日本電産永守氏が語る「今の大学教育」への失望

日本電産永守氏が語る「今の大学教育」への失望

京都先端科学大学の入学式で壇上に立った永守重信氏。当初10分程度を予定していたあいさつは、30分の熱い演説になっていた(撮影:ヒラオカスタジオ)

「京都先端科学大を社会からいちばん求められる大学に変えていきたい」

4月3日、京都市内で行われた京都先端科学大学の入学式。日本電産CEOで同大運営法人の理事長である永守重信氏は、既存の大学教育への問題意識と大学改革についての思いを、集まった約2500人の新入生と保護者に訴えた。

■「期待する人材が出てこない」

京都先端科学大学は4月1日に名称を京都学園大学から変更した。2018年3月に永守氏が大学を運営する学校法人京都学園(現・永守学園)の理事長に就任。100億円を超える私財を投じ、同大の改革を推し進める。

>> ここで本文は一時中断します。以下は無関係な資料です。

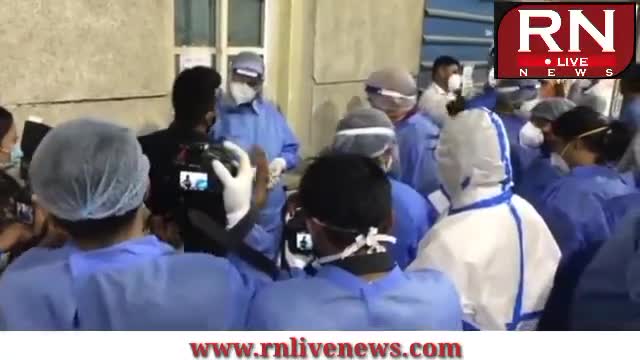 #Coronavirusliveupdate​
Coronavirus Update | देश में चारों तरफ हाहाकार, एक दिन में रिकॉर्ड 2.95 लाख नए मामले |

永守氏が大学教育に一石を投じる背景には、今までの大学教育で「期待する人材がまったく出てこなかった」ことがある。永守氏は具体的な不満を次のように例示した。「(大学を)卒業しても英語も話せない。経済学部を出ているのに、企業の経理に回されても決算書さえ作れない」。

さらに永守氏は「多くの企業家はそんな人材を生み出す今の大学教育に失望している」「今の大学は偏差値とブランド主義に凝り固まっている」などと述べ、大学教育がいかに社会の変化に対応せず名ばかりになっているかを指摘した。

今年度から京都先端科学大学では、学生の実践的な英語力向上のために通信教育大手ベネッセグループ傘下の外国語学校「ベルリッツ・ジャパン」から講師を受け入れる。